OMEKASTE 20 mg GASTRO-RESISTANT HARD CAPSULES

2. What you need to know before taking Omekaste

Do not take Omekaste

• if you are allergic to omeprazole or any of the other ingredients of this medicine (listed in section 6).
• if you are allergic to medicines that contain proton pump inhibitors (e.g., pantoprazole, lansoprazole, rabeprazole, esomeprazole).
• if you are taking a medicine that contains nelfinavir (used for HIV infection).

Warnings and precautions

Consult your doctor or pharmacist before starting to take Omekaste.

Do not take Omekaste for more than 14 days without consulting your doctor. If you do not experience relief, or if your symptoms worsen, consult your doctor.

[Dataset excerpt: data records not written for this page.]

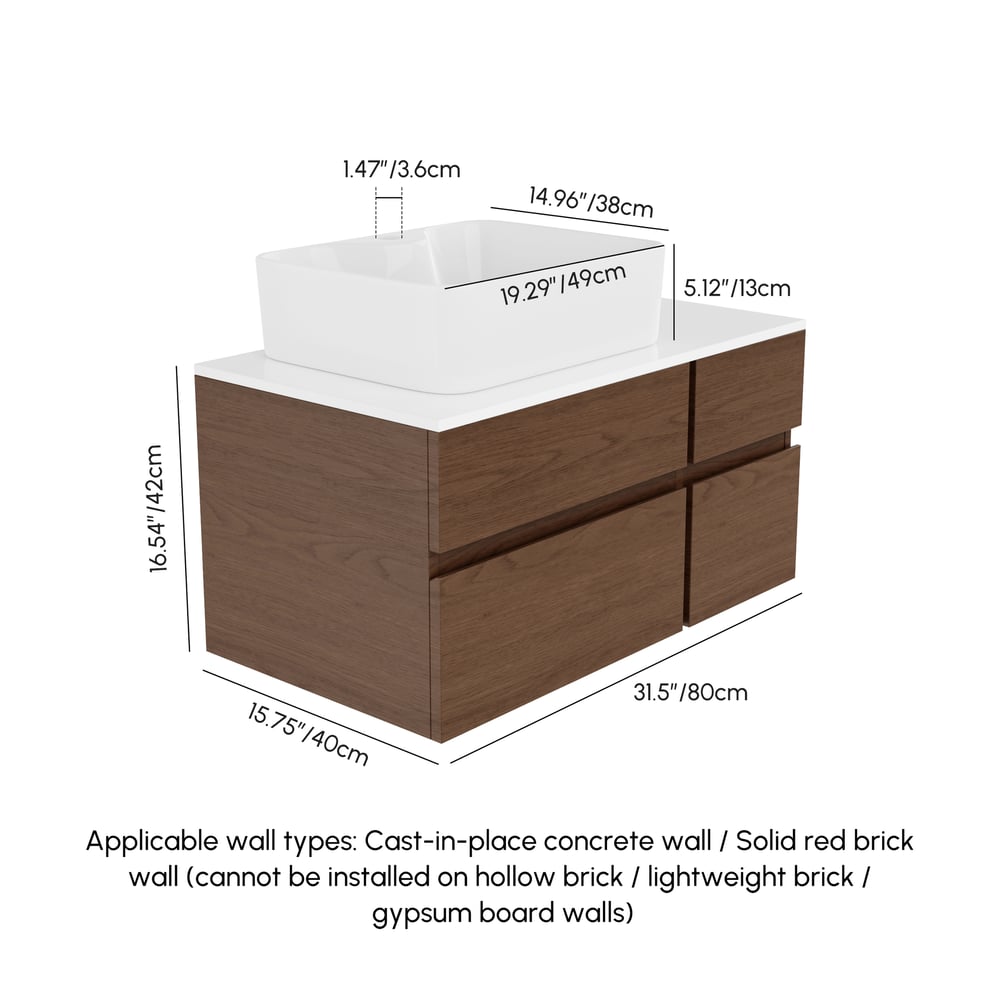 Modern 31.5" Floating Single Bathroom Vanity with Stone Resin Top, Ceramic Basin weights dimensions image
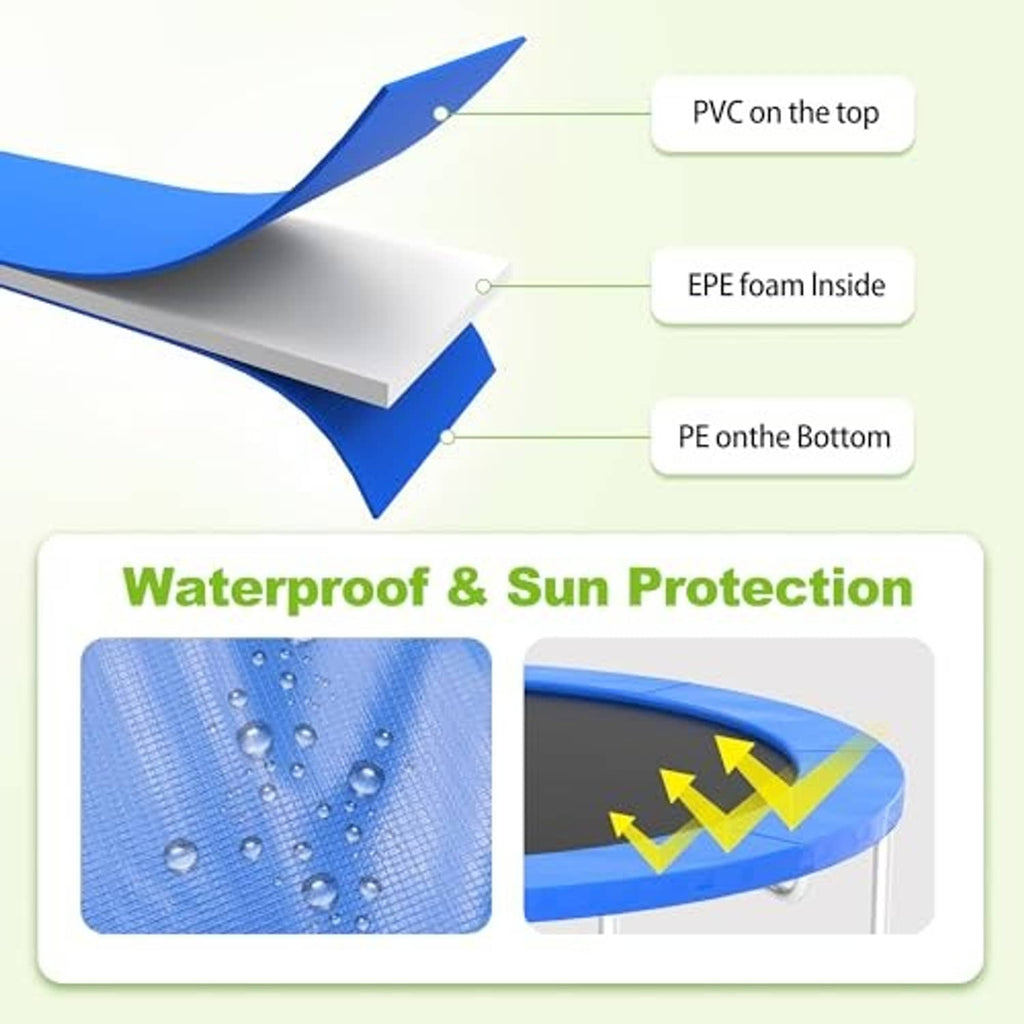 Trampoline pad layers: PVC top, EPE foam inside, and PE bottom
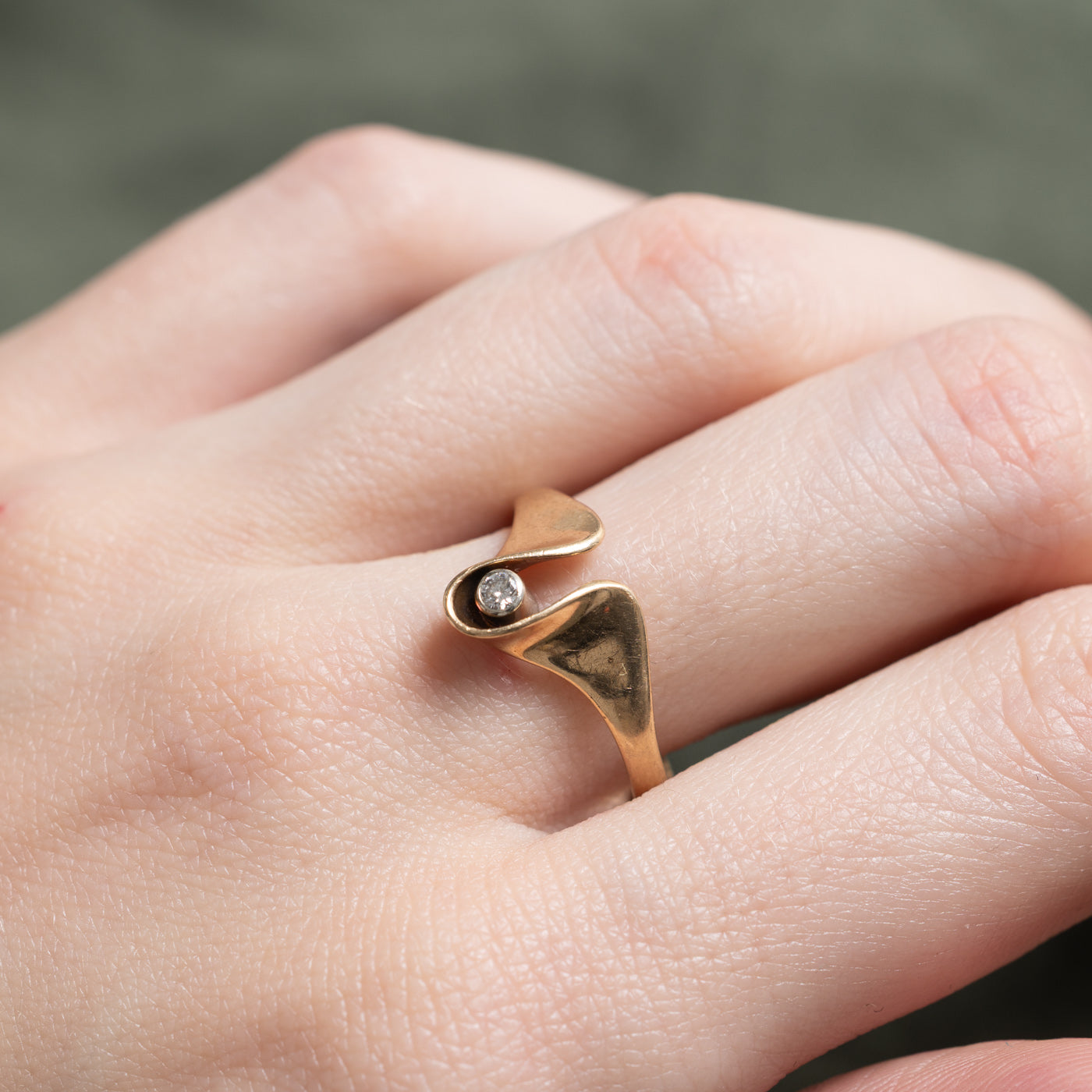 Bezel Set Diamond Abstract Ring | 0.06ct | SZ 9.25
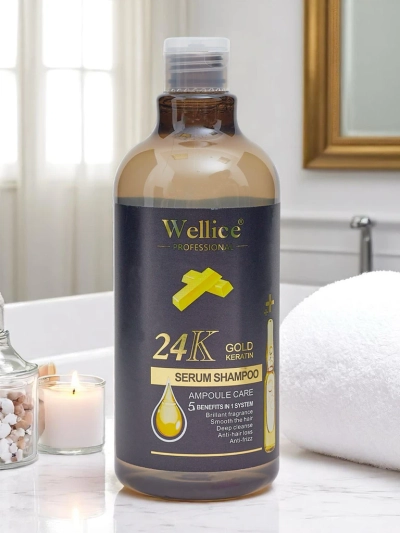 Professional hair shampoo with keratin 24K Gold – Intensive hydration and smoothing of hair 5 in 1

Omekaste may mask the symptoms of other diseases. Therefore, consult your doctor immediately if you experience any of the following conditions before starting to take Omekaste or during treatment:

• Unintentional weight loss and difficulty swallowing.
• Stomach pain or indigestion.
• Vomiting food or vomiting blood.
• Black stools (bloody stools).
• If you have severe or persistent diarrhea, as omeprazole has been associated with a slight increase in infectious diarrhea.
• You have a history of stomach ulcers or gastrointestinal surgery.
• You are receiving ongoing treatment for indigestion or heartburn for 4 weeks or more.
• You have persistent indigestion or heartburn for 4 weeks or more.
• You have jaundice or severe liver disease.
• You are over 55 years old and your symptoms have changed recently or are new.
• If you have ever had a skin reaction after treatment with a medicine similar to Omekaste to reduce stomach acidity.
• You are scheduled to have a specific blood test (Chromogranin A).

If you suffer from a skin rash, especially in areas of the skin exposed to the sun, consult your doctor as soon as possible, as it may be necessary to interrupt treatment with Omekaste. Remember to mention any other symptoms you may notice, such as joint pain.

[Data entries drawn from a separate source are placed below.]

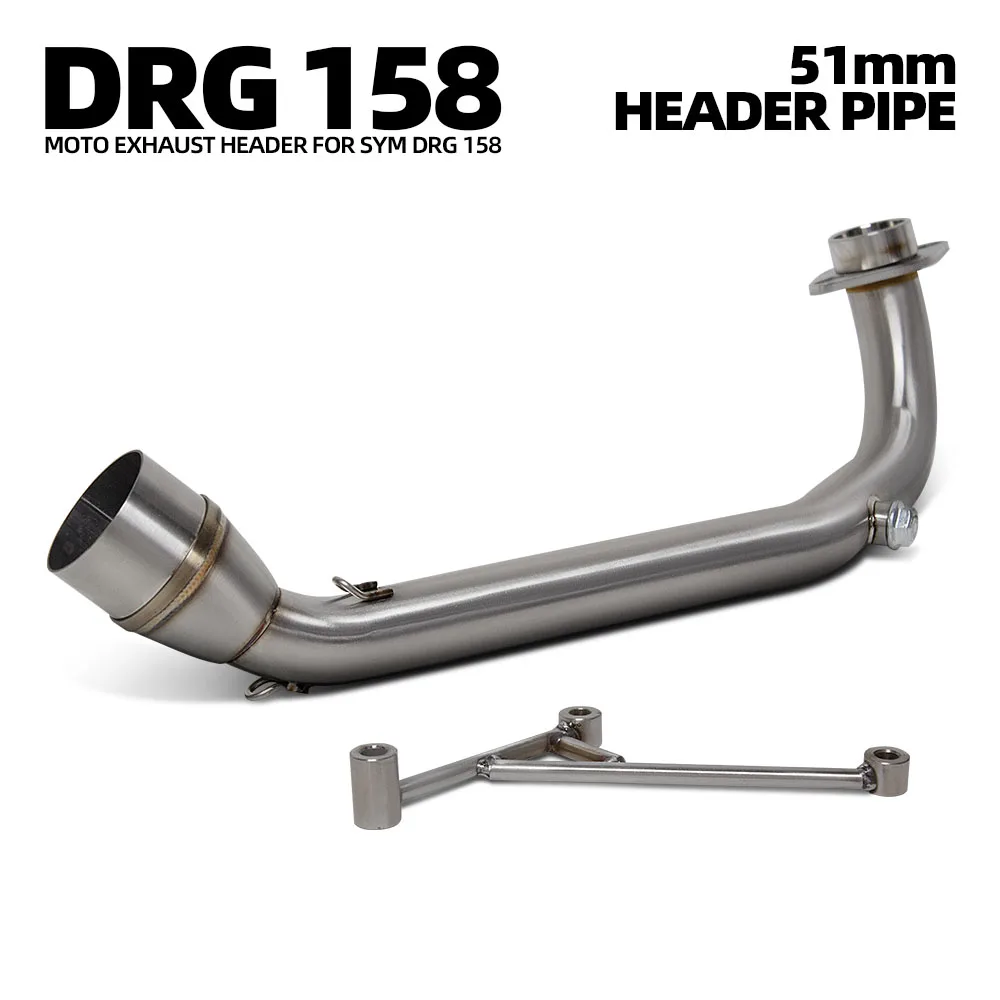 

For SYM DRG BT DRG158 Motorcycle Exhaust Header Pipe Stainless Scooter 51mm Interface Manifold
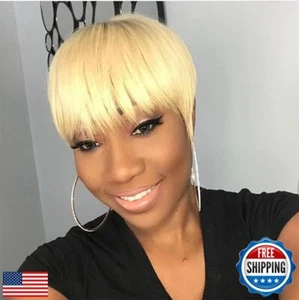 Kurze blonde Echthaar Pixie Cut Perücke - 150% Dichte, Lace Front, glatt an - Bild 1 von 5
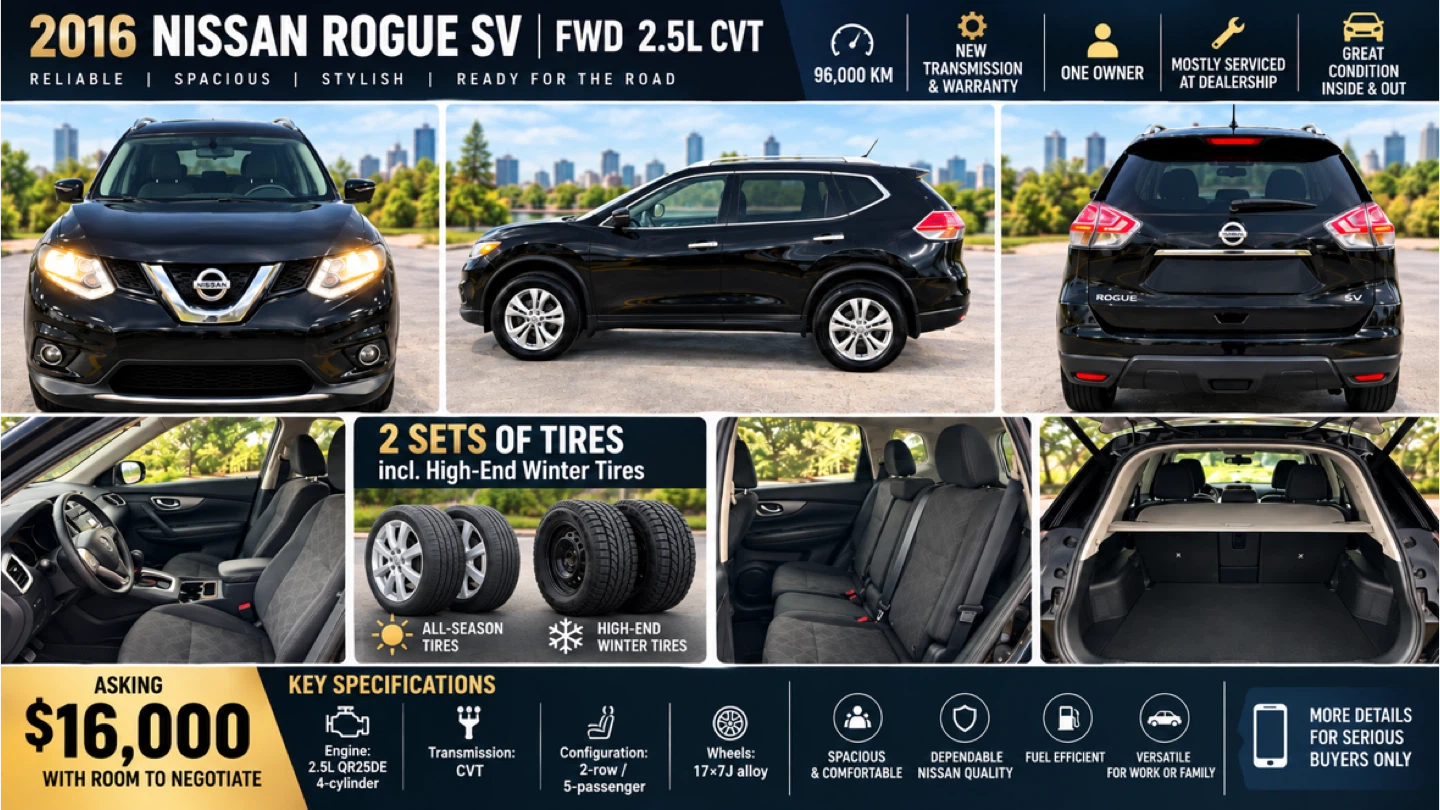 2016 Nissan Rogue SV new transmission two sets of tires
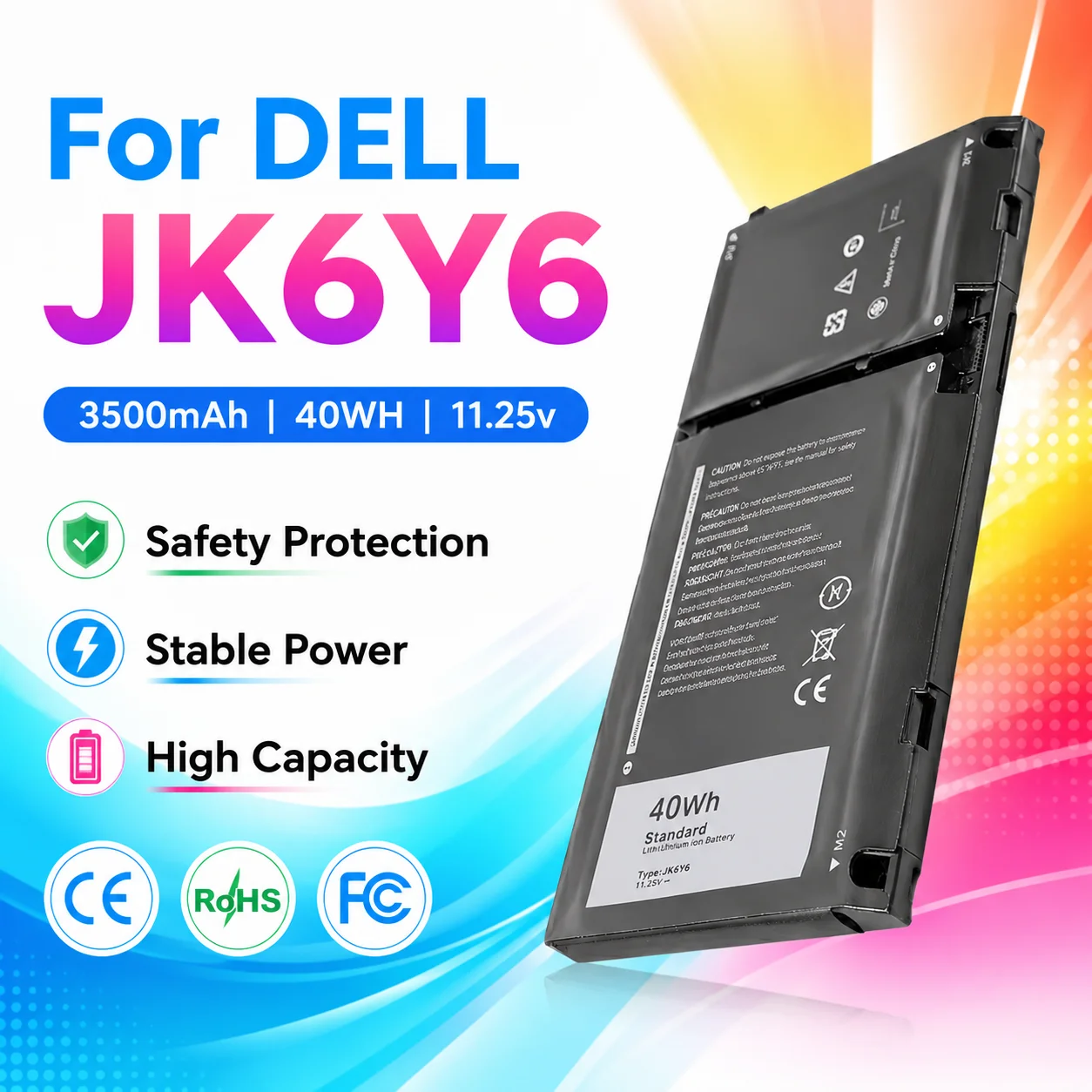 H5CKD JK6Y6 Laptop Battery for Dell Inspiron 15 5501 5502 5505 5300 Vostro 14 5401 5402 Vostro 15 5502 Latitude 3510 P126G P121G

Patient should not take omeprazole as a preventive medication.

When taking omeprazole, kidney inflammation may occur. The signs and symptoms may include decreased urine volume or blood in the urine and/or hypersensitivity reactions such as fever, skin rash, and joint stiffness. You should report such signs to your doctor.

Children and Adolescents

Children and adolescents under 18 years should not take this medicine.

Other Medicines and Omekaste

Tell your doctor or pharmacist if you are taking, have recently taken, or might take any other medicines. This includes medicines obtained without a prescription. This is because Omekaste may affect the mechanism of action of some medicines and some medicines may affect Omekaste.

Do not take Omekaste if you are taking a medicine that contains nelfinavir(used to treat HIV infection).

Tell your doctor or pharmacist if you are taking any of the following medicines:

• Ketoconazole, posaconazole, itraconazole, or voriconazole (used to treat fungal infections).
• Digoxin (used for heart problems).
• Diazepam (used to treat anxiety, relax muscles, or in epilepsy).
• Phenytoin (used in epilepsy). If you are taking phenytoin, your doctor will need to monitor you when you start or stop treatment with Omekaste.
• Medicines used to prevent blood clots, such as warfarin or other vitamin K antagonists. Your doctor will need to monitor you when you start or stop treatment with omeprazole.
• Rifampicin (used to treat tuberculosis).
• Atazanavir (used to treat HIV infection).
• Tacrolimus (in cases of organ transplantation).
• St. John's Wort (Hypericum perforatum) (used to treat mild depression).
• Cilostazol (used to treat intermittent claudication).
• Saquinavir (used to treat HIV infection).
• Clopidogrel (used to prevent blood clots).
• Erlotinib (used to treat cancer).
• Methotrexate (chemotherapy medicine used in high doses to treat cancer) - if you are taking a high dose of methotrexate, your doctor will need to temporarily stop treatment with Omekaste.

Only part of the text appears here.